Jacobian Conjecture for unit triangular matrices This question is about the Jacobian conjecture for a special case.  I will first explain the Jacobian conjecture (since it is something every mathematician should know about).
Let $k$ be an algebraically closed field.
Consider a map $$F: k^n \rightarrow k^n,$$
defined by $$F(x_1,\ldots,x_n)=(f_1(x_1,\ldots,x_n),\ldots,f_n(x_1,\ldots,x_n)),$$
where $f_1,\ldots,f_n$ are polynomials.
The Jacobian of $F$, which I denote $J$, is the determinant of the matrix $dF$ where the $(i,j)$-th entry of $dF$ is $\partial f_i/\partial x_j$.  (The matrix $dF$ gives the induced map on the tangent bundle, or maybe it's the cotangent bundle; it doesn't matter for this question.)
Since $F$ is given by polynomials, the entries of $dF$ are polynomials and $J$ is a polynomial.  Hence $F$ is a nonsingular map if and only if $J$ is a constant.
The inverse function theorem tells us that $F$ has a smooth inverse map if and only if $J$ is constant.  The Jacobian conjecture says that this smooth map is in fact also given by polynomials (in the case where the original map $F$ is given by polynomials).
Question: I would like to know if the Jacobian conjecture is known (or trivial) for the special case where the matrix $dF$ is a triangular matrix with $1$'s on the diagonal.  If it is not known, I would like to know if the full Jacobian conjecture is known to be equivalent to this special case.

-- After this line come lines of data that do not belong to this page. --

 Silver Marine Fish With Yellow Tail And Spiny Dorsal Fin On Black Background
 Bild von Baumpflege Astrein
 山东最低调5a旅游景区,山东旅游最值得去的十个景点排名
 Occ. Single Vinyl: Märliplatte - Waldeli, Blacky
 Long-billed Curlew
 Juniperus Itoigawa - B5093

Motivation: This is a possible strategy for proving that a particular family of maps I have constructed for a particular purpose is in fact invertible within the category of affine algebraic varieties.

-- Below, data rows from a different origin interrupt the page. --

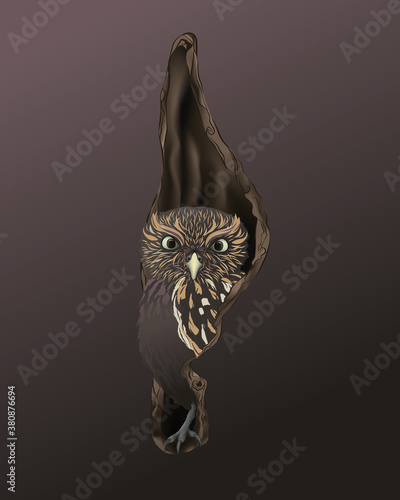 Owl in a hollow illustration. Book illustration template. Mysterious owl in a wood. 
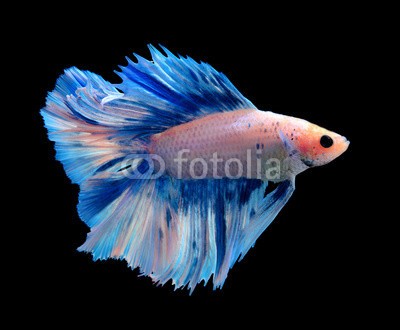 alexzeer, White and blue siamese fighting fish, betta fish isolated on black background. (aktion, angriffslustig, tier, aquarium, wasser, backgrounds, schöner, schönheit, kampffische, biologie, blau, atem, farbe, bunt, crown, häusliche, drache, garniert, elegant, excite, exotisch, auge, fantasie, gefecht, flosse, feuer, fisch, flamm)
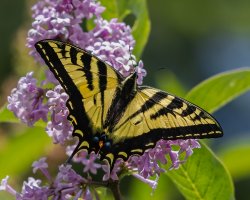 Tiger Swallowtail Butterfly - K1A5336.jpg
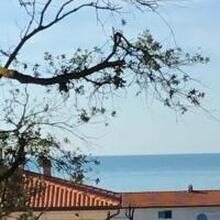 Борис., г. Тюмень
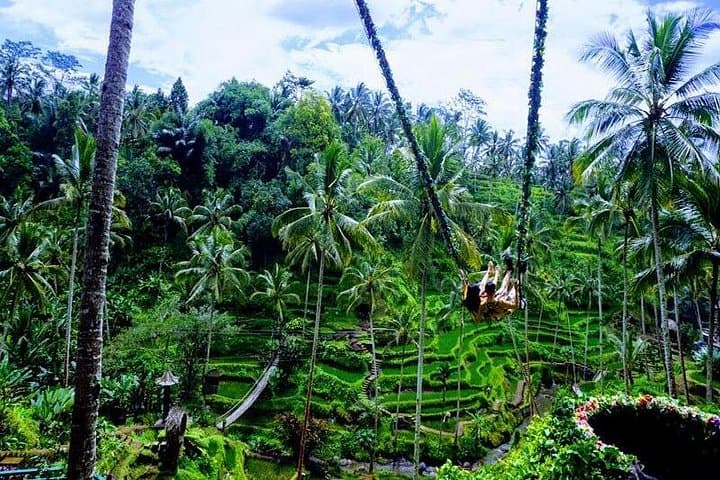 Bali Bird Park to Tegalalang: Private Ubud Day Tour photo 2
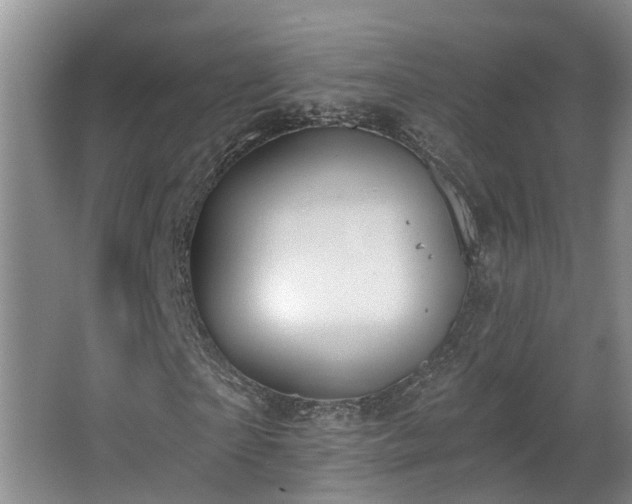 X0000063510865200601201436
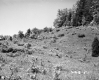 Hill with Plants and Grass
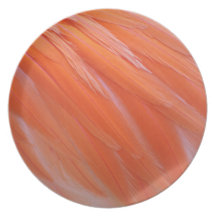 Flamingo Feathers Party Plate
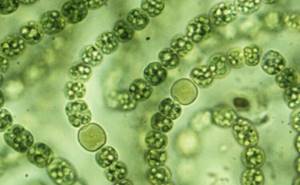 Ядовитые водоросли: какими они бывают и чем опасны?
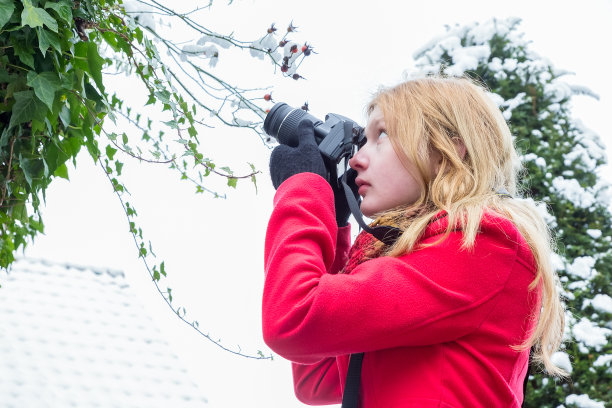 年轻女子在树枝上拍摄雪图片下载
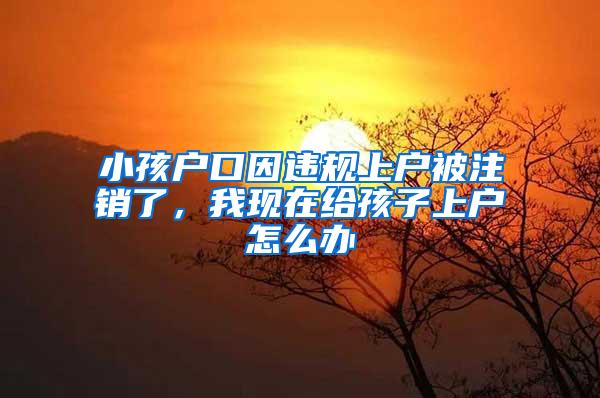 小孩户口因违规上户被注销了，我现在给孩子上户怎么办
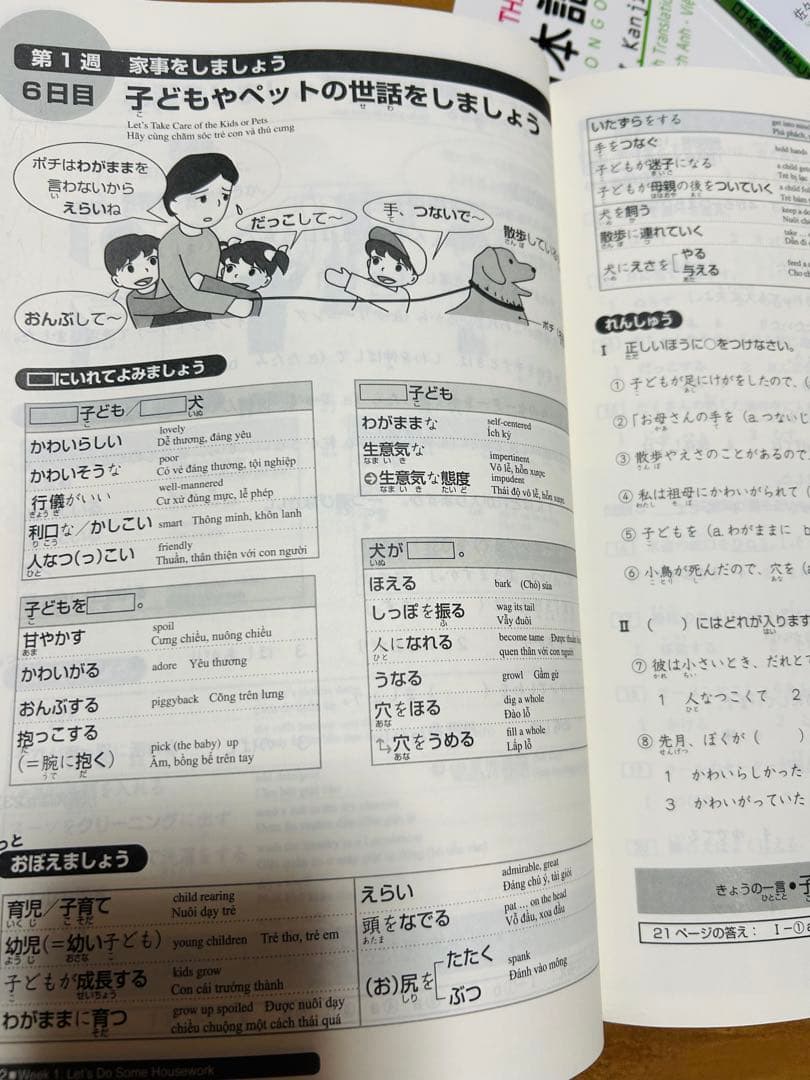SOMATOME N3 新品 日本語総まとめN3（ベトナム語・英語版）5冊セット
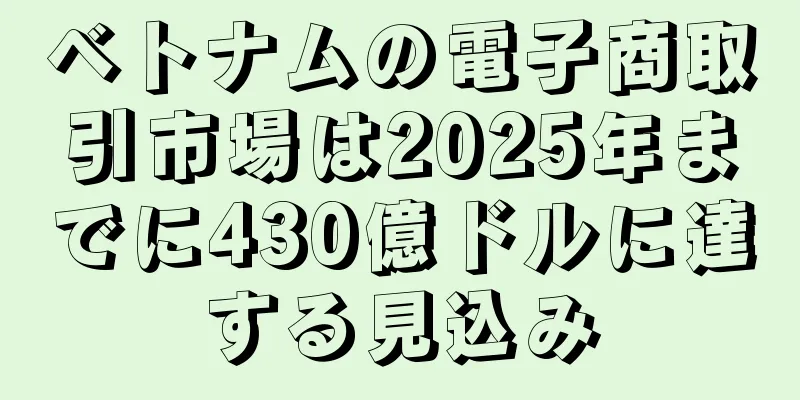 ベトナムの電子商取引市場は2025年までに430億ドルに達する見込み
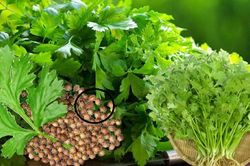 Loại rau thơm mọc tốt như 'cỏ dại' không ngờ toàn thân là kho báu, vitamin C cao gấp 5 lần chanh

EDIT: Clarifying in light of Tom's remark.  The inverse function theorem just says that $F$ has a local inverse.  The Jacobian conjecture is that $F$ has a global inverse which is given by polynomials.
 A: More simply: 
(I'll write this down for the case $n=3$ because writing and reading subscripts makes me tired.)

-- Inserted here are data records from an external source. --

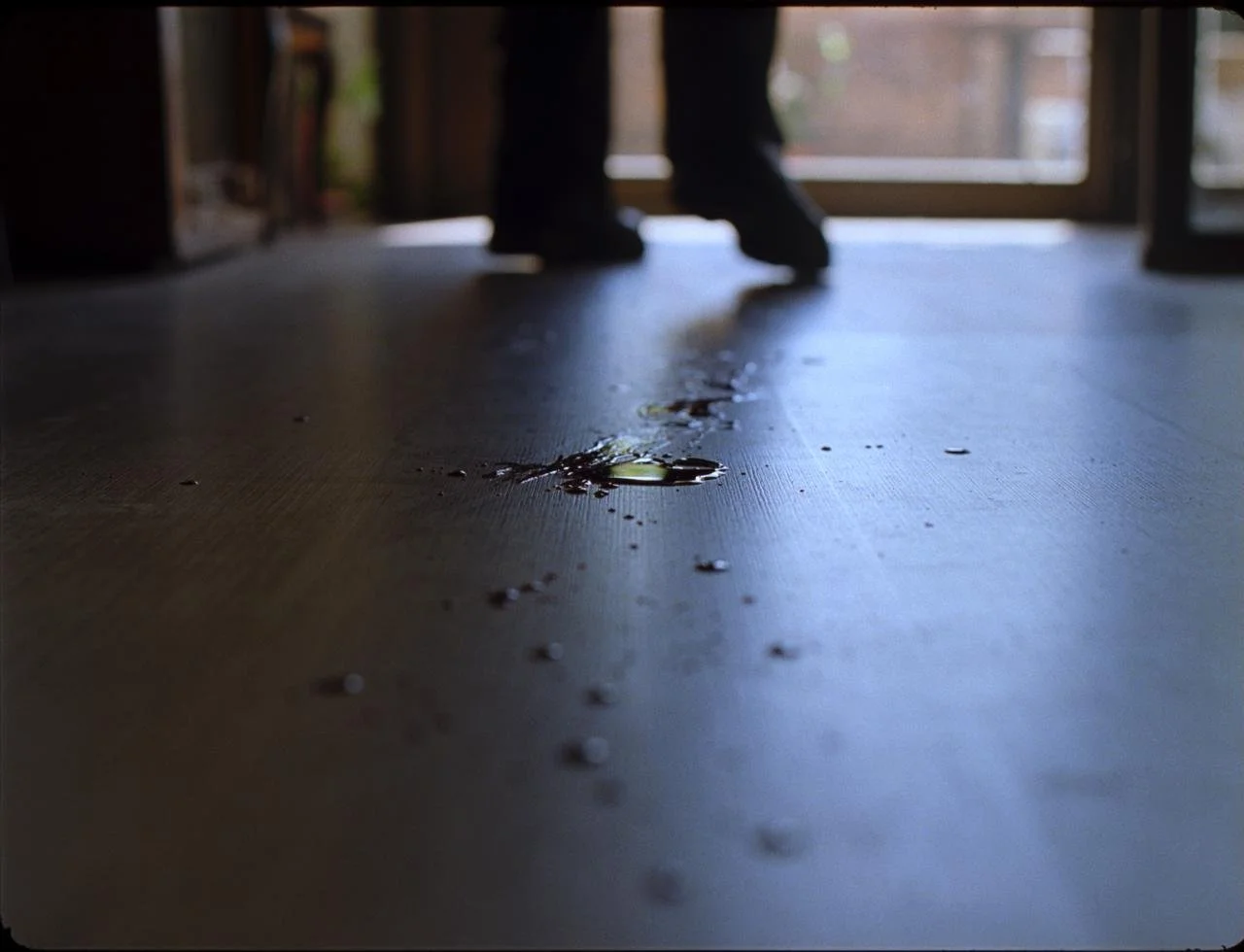 WhatsApp Image 2026-02-25 at 00.50.46.jpeg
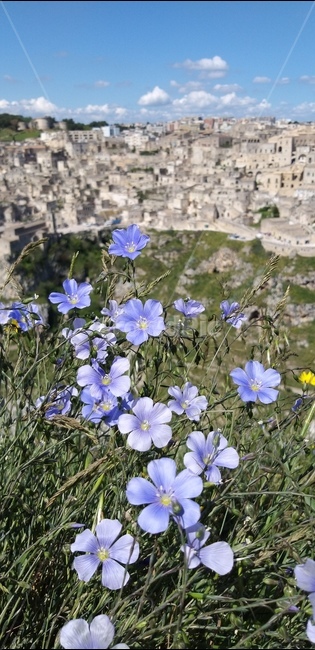 중세도시,마테라,matera,italy,w,flower,꽃,blossom,야생화,중세도시배경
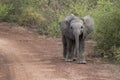 Small, playful elephant calf.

Let $(u,v,w)=F(x,y,z)$. By hypothesis 
$u-x$ has derivative $0$ with respect to $x$, so 
$$u=x+P(y,z)$$
for some $P$. And $v-y$ has derivative $0$ with respect to $x$ and $y$, so 
$$v=y+Q(z)$$
for some $Q$. And $w-z$ has derivative $0$ with respect to all three variables, so 
$$w=z+R$$
for some constant $R$.
Now just write down the inverse: 
$$z=w-R$$
$$y=v-Q(z)=v-Q(w-R)$$
$$x=u-P(y,z)=u-P(v-Q(w-R),w-R).$$
A: The Jacobian conjecture is trivial in this case.
Write $M$ for $dF$ and $N$ for its inverse, which is also triangular with 1's on the diagonal.  (I assume upper triangular.)
Now just look at the consequences of $MN=I$.
First, for each $j$, we have $M_{j,j+1}+N_{j,j+1}=0$.  This shows that every entry of the form $N_{j,j+1}$ is a polynomial.
Next, for each $j,t$ with $t>0$ we have $\sum_p M_{j,j+p}N_{j+p,j+t}=0$. This plus induction shows that $N_{j,j+t}$ is a polynomial.  (The induction is on the difference between the two indices on the entry of $N$.)
Edit:  As I said in comments, this never actually uses the upper triangularity and doesn't establish the existence of a global inverse.
Here, I think, is a much better answer:
Write $F=(F_1,\ldots,F_n)$.  We want to know whether $F$ is globally injective.
Suppose $F(s_1,\ldots,s_n)=F(t_1,\ldots,t_n)$.  We know that $F_n$ is an affine function of the last variable only, so $s_n=t_n$.  We know that $F_{n-j}$ is of the form $Ax_{n-j}+G(x_{n-j+1},\ldots,x_n)$, so by backward induction on $n$ we know that $s_{n-j}=t_{n-j}$ for all $j$.  So $F$ is globally injective, which is to say that the Jacobian conjecture holds.